The books promise an insider's look at what went on behind the scenes at the trial.
A jury acquitted Jackson on June 13 of four counts of child molestation, four counts of administering alcohol to a minor to commit a felony, one count of attempted molestation and one count of conspiracy.
Ever since his acquittal, there's been talk that Michael Jackson is shopping around for a new country to call home. A published report is hinting that the home the pop star may have settled upon is in Bahrain.
The New York Post quotes sources as saying Jackson has bought 14 acres of land in Bahrain, near the palace home of a sheik who's a good pal of his. The paper says its sources say Jackson has enjoyed his vacation in Bahrain because he can dress in the same way as the local residents and go out without being noticed.
There's also been speculation the singer might move to Berlin. Two of Jackson's lawyers say they know of no plans for the pop star to buy land in Bahrain.
The lawyers have been very successful in guarding Jackson's privacy - to the point that some legal experts worry a court ruling last week could become a precedent shutting off public access to information in high-profile cases.

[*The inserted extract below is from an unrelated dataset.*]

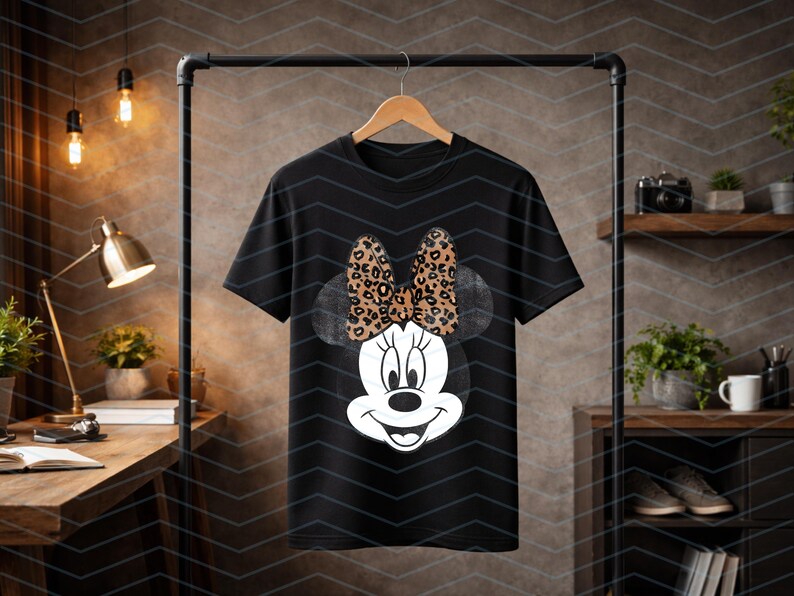 May include: Black t-shirt featuring a Minnie Mouse graphic. The graphic shows Minnie's face with a large bow in a leopard print pattern. The t-shirt is hanging on a wooden hanger.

In a one-sentence decision Wednesday, the California Supreme Court denied a request by news organizations, including The Associated Press, to "depublish" the ruling - meaning it will stay on the legal books and can be used by judges and lawyers on the issue of sealing documents in other cases. The ruling was made available Friday.
"It is a very dangerous precedent because it gives the court an opportunity to close out the public from critical information during a high-publicity trial," said Loyola Law School professor Laurie Levenson. "This formalizes the celebrity exception to the First Amendment."
A three-member panel of the 2nd District Court of Appeal ruled in April that the judge in Jackson's child molestation trial had been justified in sealing dozens of court records.
The judge has said releasing the documents could have prejudiced the jury pool. He said he was protecting the fair trial right of the pop superstar who was acquitted of all charges in June.